Kita juga teringat diawal-awal saat diperoleh kepastian bahwa SBY menjadi pemenang pemilihan Presiden tahun 2009 terlontar isu bahwa SBY menyiapkan keluarganya untuk menjadi Presiden pada tahun 2014, SBY dengan tegas membantahnya. Bahwa ia tidak pernah menyiapkan hal-hal seperti itu. Ia bukan seorang yang ”gila” kekuasaan, bukan ”power-maniac.”
SBY adalah seorang pribadi yang meyakini bahwa bersamaan dengan kesulitan itu ada kemudahan. Disetiap problem itu ada jalan keluarnya, setiap masalah pasti ada pemecahannya. Yang diperlukan adalah usaha yang sungguh-sungguh untuk mengatasi berbagai permasalahan yang.
Spiritualitas SBY yang tergambarkan pada enerji positif tersebut memandu SBY dalam menjalankan tugas-tugas kepemimpinannya, menjalankan tugas kenegaraan, mengambil keputusan dan dalam berinteraksi dengan berbagai pihak. Kualitas pribadi seperti ini yang membuat SBY berhasil menjalankan misi kepemimpinannya dan memperoleh simpati serta dukungan banyak pihak. Tidaklah mengherankan jikan mantan Perdana Menteri Australia John Howard menyebutkan bahwa SBY adalah "the best President in the history of Indonesia."

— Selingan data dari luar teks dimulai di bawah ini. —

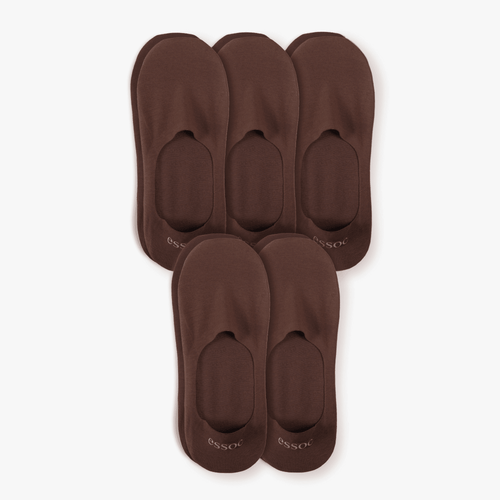 Essoc Inc Unisex Cotton No Show Socks 5-pack In Brown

Melengkapi kualitas spiritualitas SBY, Andi A. Mallarangeng salah seorang terdekatnya mengatakan SBY adalah pemimpin yang memiliki nilai estetika, seorang jenderal yang memproduksi dan mengapresiasi karya-karya budaya. Bagi SBY kehidupan tidak bisa hanya bertumpu pada logika dan etika, tetapi juga harus diwarnai estetika. Logika, etika dan estetika mempertajam kualitas spiritualitas SBY. Logika adalah dasar bagi pengembangan ilmu pengetahuan dan teknologi. Etika menjadi dasar pengembangan kehidupan bermasyarakat dan beragama. Namun, kehalusan budi dan rasa yang menjadi dasar dari estetika hanya bisa didapat melalui pengembangan kesenian, kesusastraan dan kebudayaan.
Pemimpin-pemimpin besar dunia sesungguhnya juga dipandu oleh spiritualitas yang kuat sebagaimana ditunjukkan oleh Gandhi, Mandela, Bunda Theresa, Hatta, Mahatir Muhammad dan Muhammad Yunus. Tampaknya SBY pun telah merintis jalan ke arah itu.